● Task requirements:
Nothing but the lines from the one containing "Hotel Goldmarie Gmbh" through the end of the entries should be set down, each exactly as written.

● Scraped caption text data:
--
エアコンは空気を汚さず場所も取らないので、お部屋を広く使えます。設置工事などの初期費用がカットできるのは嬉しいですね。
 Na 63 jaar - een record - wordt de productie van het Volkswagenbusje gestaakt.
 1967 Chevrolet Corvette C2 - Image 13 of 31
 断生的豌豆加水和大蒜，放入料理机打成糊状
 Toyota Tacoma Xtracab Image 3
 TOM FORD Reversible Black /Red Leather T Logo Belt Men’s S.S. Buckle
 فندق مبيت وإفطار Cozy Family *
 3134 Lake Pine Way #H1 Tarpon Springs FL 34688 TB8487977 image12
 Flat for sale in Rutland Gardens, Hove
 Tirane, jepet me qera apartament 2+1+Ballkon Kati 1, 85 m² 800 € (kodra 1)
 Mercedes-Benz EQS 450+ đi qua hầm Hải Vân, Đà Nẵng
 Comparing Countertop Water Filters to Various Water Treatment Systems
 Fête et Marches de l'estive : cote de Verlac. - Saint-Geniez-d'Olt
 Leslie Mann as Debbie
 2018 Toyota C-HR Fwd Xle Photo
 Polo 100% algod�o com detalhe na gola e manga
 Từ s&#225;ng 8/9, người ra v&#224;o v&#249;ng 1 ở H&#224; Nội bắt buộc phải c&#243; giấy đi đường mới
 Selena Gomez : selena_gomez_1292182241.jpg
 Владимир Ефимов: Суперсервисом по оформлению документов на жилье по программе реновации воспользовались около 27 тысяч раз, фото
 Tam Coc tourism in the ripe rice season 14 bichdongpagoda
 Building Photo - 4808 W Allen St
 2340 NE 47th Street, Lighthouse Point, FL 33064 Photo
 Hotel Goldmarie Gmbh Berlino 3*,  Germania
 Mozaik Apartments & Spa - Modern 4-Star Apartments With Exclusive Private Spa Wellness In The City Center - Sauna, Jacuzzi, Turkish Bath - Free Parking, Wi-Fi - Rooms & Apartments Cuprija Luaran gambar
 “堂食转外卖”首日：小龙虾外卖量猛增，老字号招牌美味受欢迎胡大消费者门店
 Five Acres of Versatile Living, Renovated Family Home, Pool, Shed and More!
--
● Written answer:
 Hotel Goldmarie Gmbh Berlino 3*,  Germania
 Mozaik Apartments & Spa - Modern 4-Star Apartments With Exclusive Private Spa Wellness In The City Center - Sauna, Jacuzzi, Turkish Bath - Free Parking, Wi-Fi - Rooms & Apartments Cuprija Luaran gambar
 “堂食转外卖”首日：小龙虾外卖量猛增，老字号招牌美味受欢迎胡大消费者门店
 Five Acres of Versatile Living, Renovated Family Home, Pool, Shed and More!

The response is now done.